> Problem details: Of all the entries below, retype only the lines from the one with "For sale, 2+1 Apartment, 5 Maji, Tirane." through the one with "New 2026 Buick", exactly as they appear.

> Excerpted records:
****************
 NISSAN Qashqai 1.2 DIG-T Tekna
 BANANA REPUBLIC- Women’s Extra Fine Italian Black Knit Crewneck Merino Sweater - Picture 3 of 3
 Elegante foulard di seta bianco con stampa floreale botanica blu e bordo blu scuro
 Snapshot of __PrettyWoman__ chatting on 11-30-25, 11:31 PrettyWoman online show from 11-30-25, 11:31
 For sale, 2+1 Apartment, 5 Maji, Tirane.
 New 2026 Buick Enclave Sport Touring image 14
****************
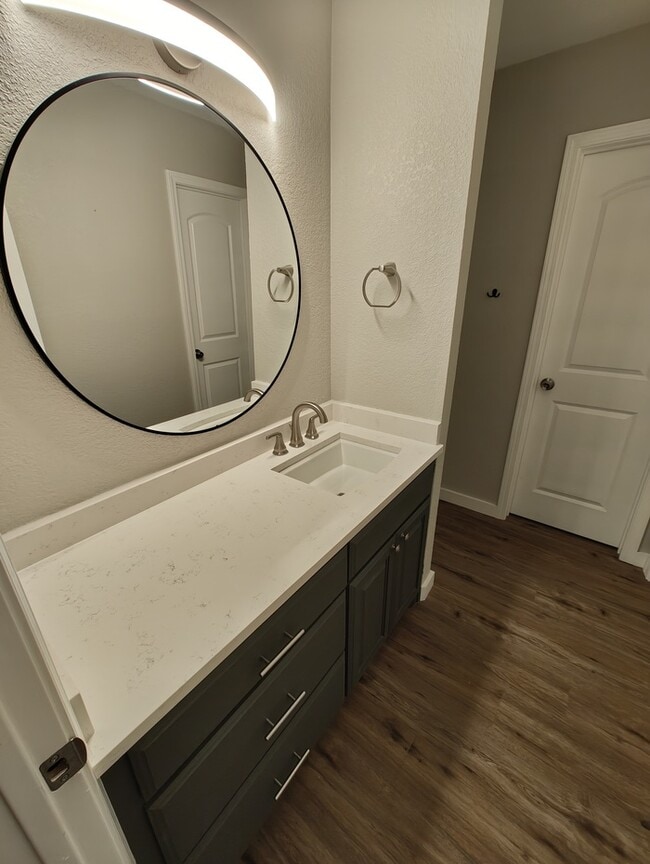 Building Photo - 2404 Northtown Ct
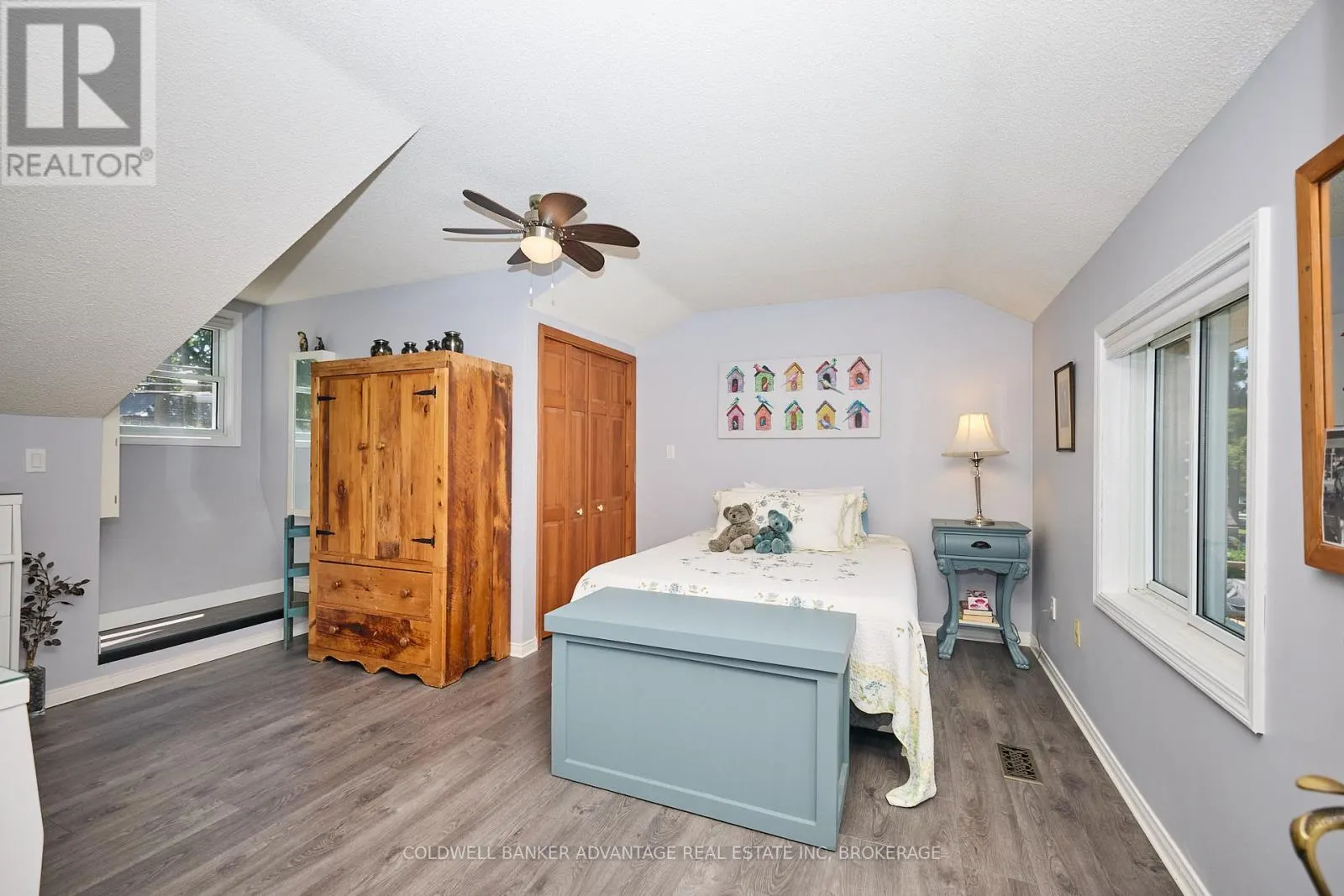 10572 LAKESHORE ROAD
****************
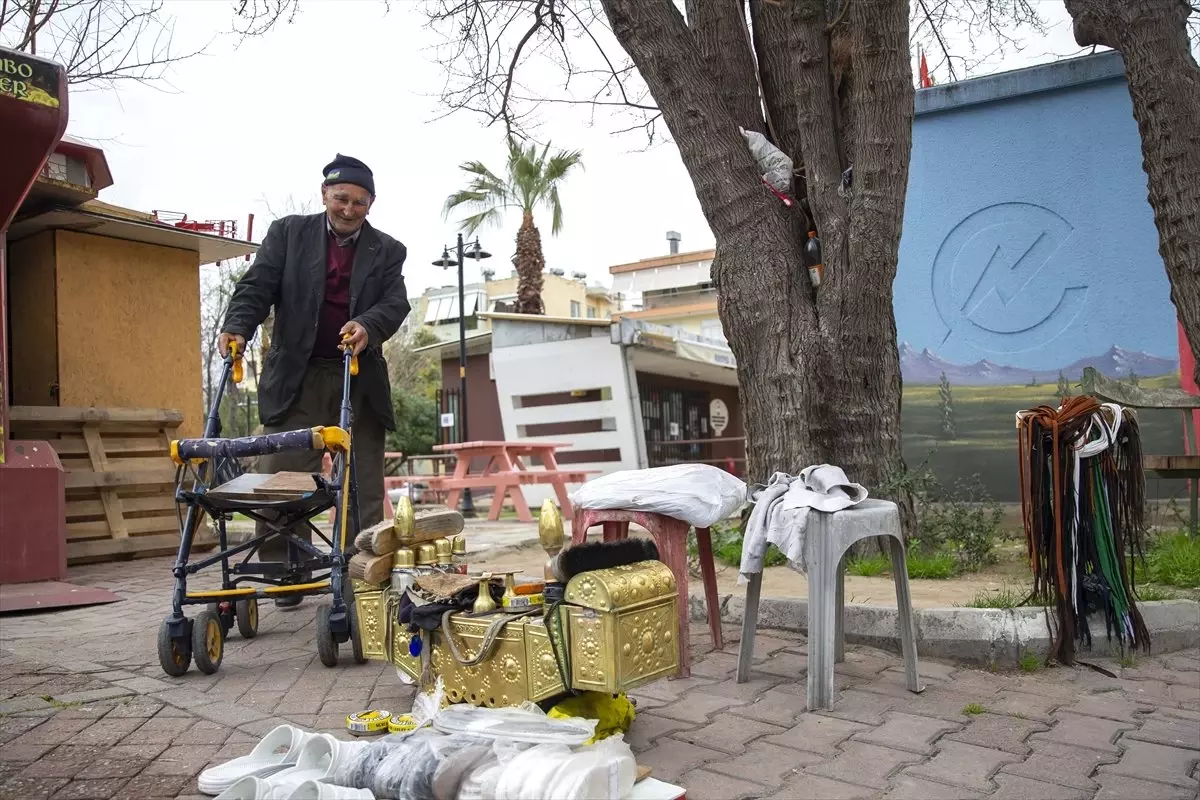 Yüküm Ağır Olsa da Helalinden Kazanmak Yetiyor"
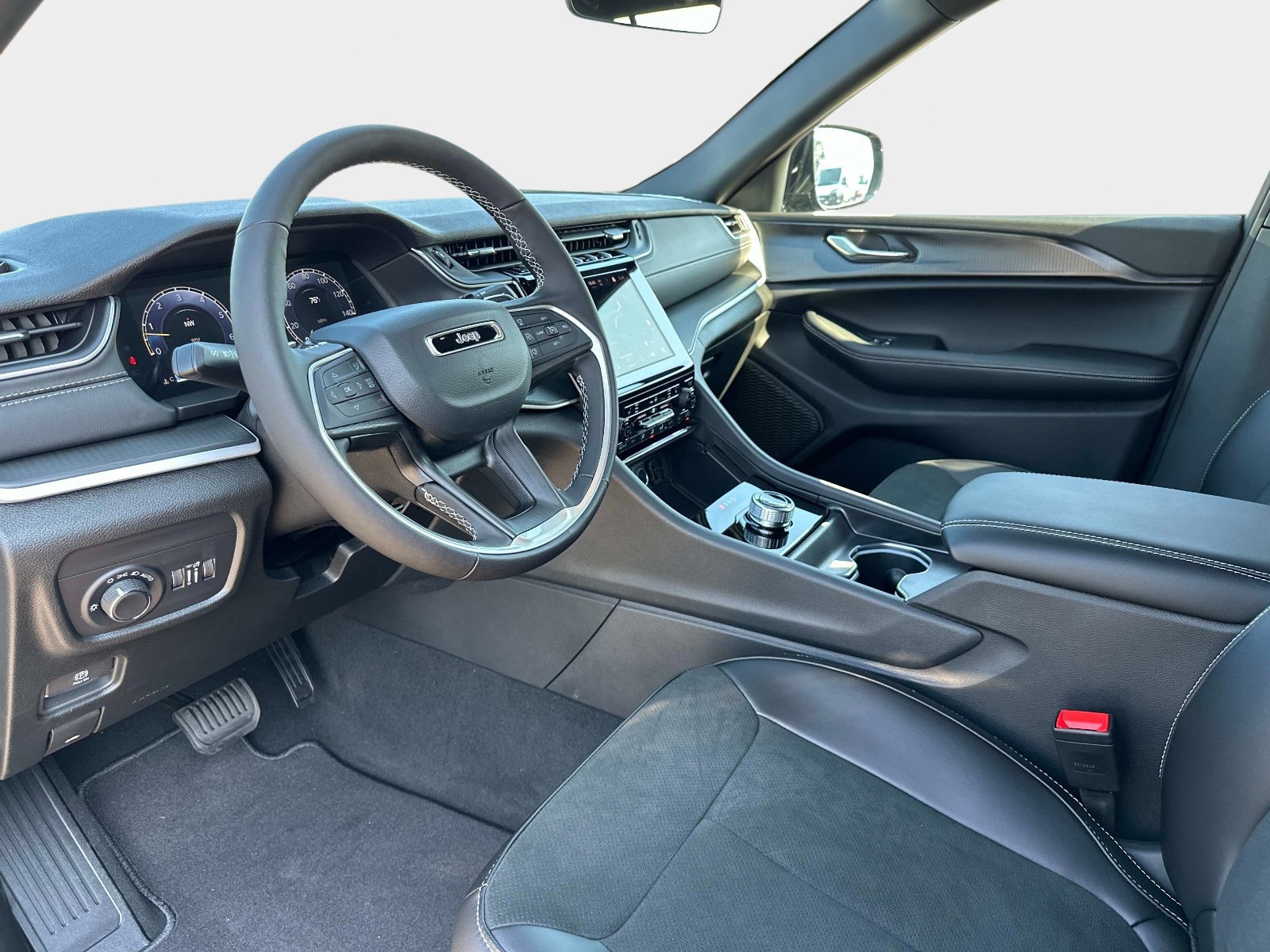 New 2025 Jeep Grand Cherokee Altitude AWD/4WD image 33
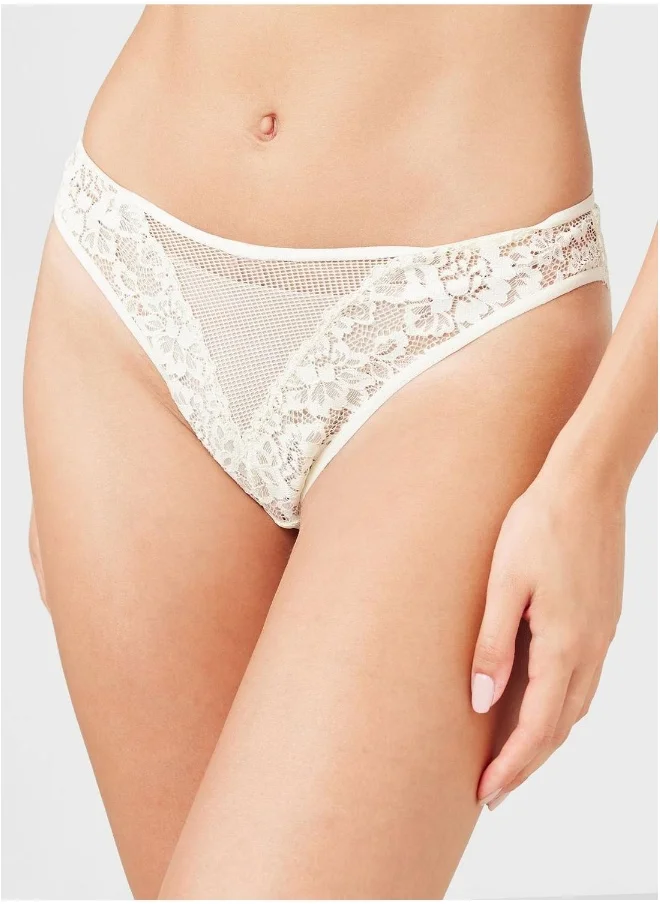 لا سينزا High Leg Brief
****************
> Expected output:
 For sale, 2+1 Apartment, 5 Maji, Tirane.
 New 2026 Buick Enclave Sport Touring image 14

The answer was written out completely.